Jim Braude. Photo by Tracy Powell/WGBH.

Jim Braude. Photo by Tracy Powell/WGBH.

Congratulations to Jim Braude, who has been named Emily Rooney’s successor as host of “Greater Boston” on WGBH-TV (Channel 2). Given that Braude already co-hosts “Boston Public Radio” with Margery Eagan on WGBH Radio (89.7 FM), the move makes a great deal of sense.

(Conflict alert: I am a paid panelist on Channel 2’s Friday “Beat the Press” and an unpaid contributor to WGBHNews.org. And yes, Rooney will continue to host “Beat the Press.”)

I covered Braude as far back as the 1980s, when he was head of the liberal Tax Equity Alliance for Massachusetts and I was a reporter for the Daily Times Chronicle of Woburn. He and Barbara Anderson, who ran Citizens for Limited Taxation, often debated in public, even traveling together despite their different ideological viewpoints.

In 1996 I interviewed Braude when he was launching a liberal magazine called Otherwise and I was covering the media for The Boston Phoenix. The idea, he told me at the time, was motivated in part by complaints on the left that they were too often ignored by the mainstream.

“We’ve done so much bitching about media access for so long that my reaction is to just do it,” Braude said. “The environment is as ripe as it could be.”

Otherwise had a decent run, but as is generally the case with startup magazines, it eventually faded away.

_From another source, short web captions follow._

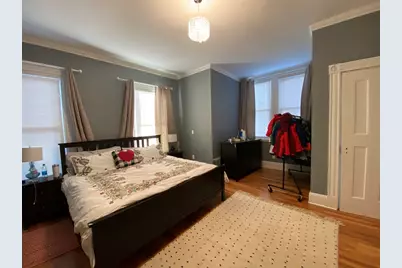 19 Clifford, Boston, MA 02119 - Photo 11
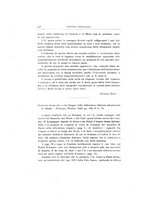 giornale/PAL0042082/1930/unico/00000414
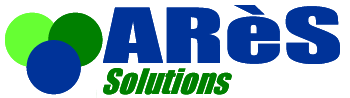 ARèS Solutions France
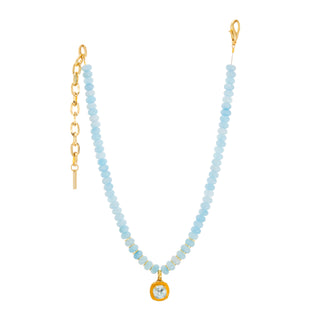 Lydia Necklace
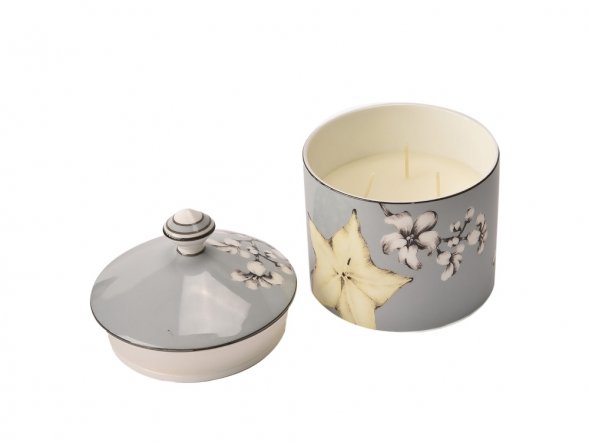 Свеча Valerie Concept СNDL 4 BER 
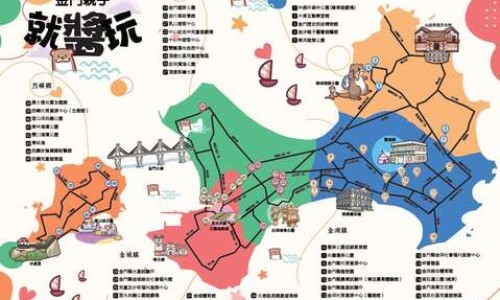 牦牛骨粉有什么作用-牦牛骨粉胶囊的作用网 - 为你提供牦牛骨粉的作用与效果、牦牛骨粉有什么作用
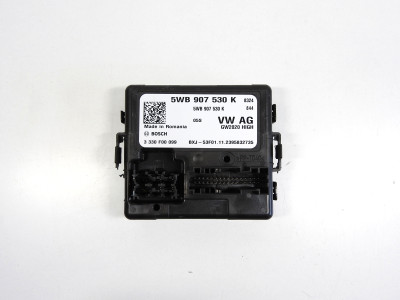 Jednotka gateway 5WB907530K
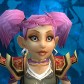 Character Avatar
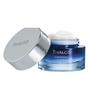Thalgo Prodige des Oceans Maseczka do Twarzy 50 ml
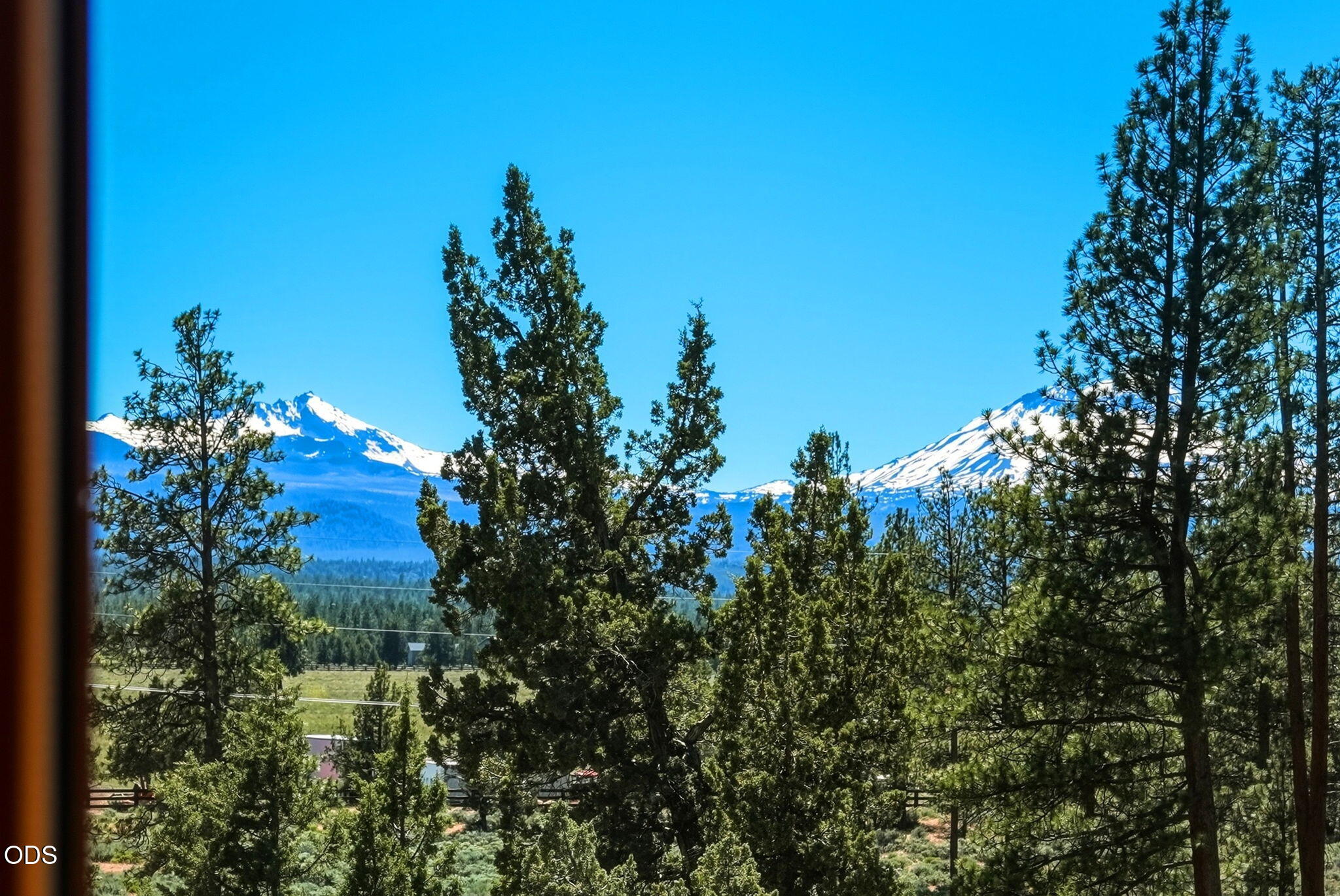 16670 Jordan Road Sisters, OR 97759 - Photo 46 of 90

Braude hasn’t. His program on New England Cable News, “BroadSide,” which he’s leaving, has been a bastion of intelligence for years. His radio show with Eagan — the only listenable program on the late, unlamented WTKK — was so good that it brought both of them to WGBH.

The big question is how “Greater Boston” will change with Braude at the helm. “I love Emily,” he tells The Boston Globe’s Shirley Leung. “We are different people with different styles. Beyond that, stay tuned.”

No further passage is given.